Born in 1925 in Kingston upon Thames, Chisnall organised a few jazz concerts while serving in the Army during the Second World War, but by the mid-Fifties he was running a junk shop in Kingston and becoming interested in social trends and what was happening to the post-war generation.
Noticing the popularity of second-hand jazz and blues records amongst students from the local art schools, he decided to launch a venue to cater for their tastes. Chisnall convinced Michael Snapper, who owned the dilapidated hotel on Eel Pie Island, to let him put on trad-jazz bands there at weekends. Built in the 1830s, the Eel Pie Hotel had hosted tea dances during the Twenties and Thirties and, although it had lost its grandeur, importantly it still retained a large dance hall and a bar with a licence.
Starting on 20 April 1956, when musicians and customers still had to use a small ferry to reach the island, the gigs grew in popularity when a bridge was built the following year. Chisnall was mostly attracting jazzers, beatniks, and eventually mods and rhythm'n'blues fans keen to dance, drink beer and enjoy themselves away from their parents rather than cause trouble. The venture grew to such an extent that he began charging admission in order to pay the landlord and the bands. "I didn't know what impact I was having on the music scene," Chisnall said:
You've got to remember that my job was to create a world for people and I created that world. The people who were originally there were 300 art-school people and they remade themselves until, bang, you had The Who and the Stones.
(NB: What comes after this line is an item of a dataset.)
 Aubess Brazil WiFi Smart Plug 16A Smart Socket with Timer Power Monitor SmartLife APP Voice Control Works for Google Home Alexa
Chisnall acted as a kind of outreach social worker, before there was such a thing, and helped alienated, under-achieving youngsters get into adult education or find gainful employment through his many contacts. He became well-known for his radical, informal approach to sociology and welcomed journalists and researchers studying this new post-war phenomenon the teenager, and what would subsequently be called youth culture. A film crew even made a documentary, Who Needs Eel Pie for Rank's Look at Life cine- magazine series, when the place was threatened with closure in 1967, the year Pink Floyd made their only appearance there, on 29 March.
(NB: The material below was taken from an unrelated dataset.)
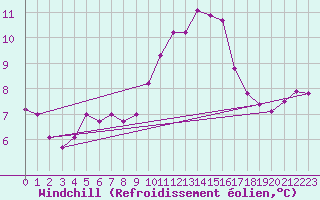 Courbe du refroidissement olien pour Tours (37)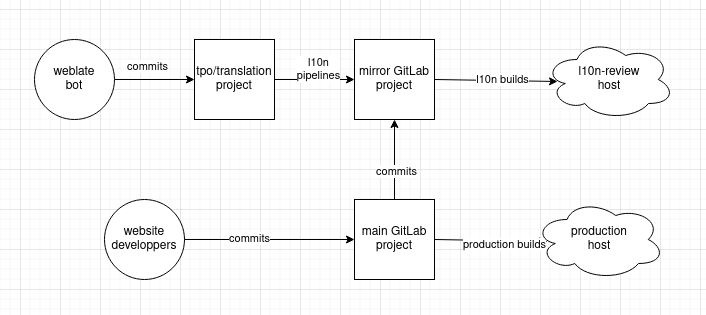 proposed l10n review ci workflow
The police often turned up in response to complaints from other residents on the island about weekend crowds of up to 500 and for years Chisnall managed to sweet-talk the officers away, but the venue was eventually closed down in 1967 when a raid found three teenagers without a membership card and Chisnall had to pay a £10 fine. "Our major crime was to teach people to think for themselves, an unforgivable sin," Chisnall reflected.
He carried on his campaigning work with the homeless and there was talk of renovating the premises, but the costs proved prohibitive and, after 11 years, Chisnall decided to move on. Squatters moved in before the premises reopened as Colonel Barefoot's Rock Garden in 1969, but a demolition order was issued and the hotel finally burnt down in a mysterious fire in 1971, putting an end to that colourful chapter in Eel Pie Island's history.
The indie group Mystery Jets have recently revived interest in the area, using a picture of the old hotel on the sleeve of their album and holding impromptu gigs at their rehearsal space there, while the Eel Pie Club, now at the Cabbage Patch in Twickenham, has welcomed several of the musicians who originally performed on Eel Pie Island for the odd jam-session. On 30 January, Radio 4 is due to broadcast a documentary about the venue's heyday.